The class label belongs on every page of the event where eligibility is mentioned. The registration page, the rules page, the FAQ, the problem statements, and any sponsor outreach should each make the class evident. A reader should never wonder which class the event is. This is the disclosure half of the principle, and it is the half that most events get wrong by omission rather than by malice — organizers who have an implicit picture of their event in mind do not always recognize that participants who do not share their picture will arrive with different expectations. The fix is to write the picture down.

The integrity mechanics are the enforcement half, and they apply primarily to Class A events because those are the events that have committed to a fair-fight format and need structural means to maintain it. The mechanics are well-developed across the field and operate together as a stack. MLH's standard rules require explicit language stating that participants cannot work on their project before the event and that submissions should not be reskins of an existing AI tool, focusing on what was created, changed, or built during the weekend rather than what was merely used. ETHGlobal's submission rules require participants to document where and how AI tools were used, specifying which parts of the code, files, or assets were generated or assisted. Devpost-listed projects like .gitcheck automate timeline audits by analyzing GitHub commit history against the official hackathon window to detect pre-existing or suspicious development activity — the tool is freely available and works for any event whose participants commit publicly. MLH operates a cheating@mlh.io reporting channel and disqualification escalation path for events in the league's network, providing an external accountability structure that any single organizing team would struggle to maintain on its own. Many Class A events further restrict participation to students or first-time hackers, or run majority-novice sub-prizes inside their tracks, which mechanically excludes most well-funded ringer teams without requiring a case-by-case judgment. The mechanics exist. They just have to be applied.

The objection that surfaces against this principle is that ringer- detection is paternalistic — that hackathon participants are adults capable of competing against whoever shows up, and that organizers who police eligibility are infantilizing the participants they claim to serve.

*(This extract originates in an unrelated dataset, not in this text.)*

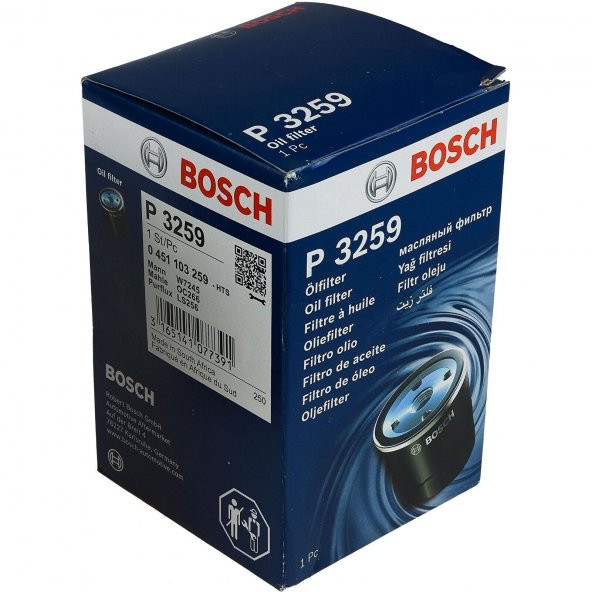 Ford Fiesta Benzinli Yağ Filtresi Bosch 2002-2008 0451103259 - 3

The objection misreads what the principle is doing. The Book is not arguing that funded teams should be banned from hackathons. The Book is arguing that participants should know what kind of event they entered. A college student who flies to a Class A event with a four-person team and discovers at the closing ceremony that the winners were a funded startup with two years of pre-existing work has not been infantilized by better disclosure rules; they have been failed by the absence of them. The ringer team is fine. The mislabeling is the failure mode.

The format taxonomy format-taxonomy shows which of the ten working hackathon archetypes lean toward which class by their nature — Single-Problem Competitions and University Season Hackathons toward Class A, Sponsor-Bounty Federations and Platform Ecosystem Challenges toward Class B, Founder-Track events toward Class C. The goal principle the-goal is what the class label operationalizes — events whose stakeholders and outcomes assume student participants need different integrity mechanics from events whose stakeholders and outcomes assume founder participants. The AI-era principle ai-era covers why attribution discipline matters more now than it did five years ago, and why ETHGlobal's and MLH's AI-attribution rules are not peripheral additions to ringer enforcement but central to it. And the case studies salesforce-1m-2013 and groupme-techcrunch-disrupt work the canonical cases of mislabeling and honest labeling respectively, with the contrast between them making visible the structural lesson the principle as a whole rests on.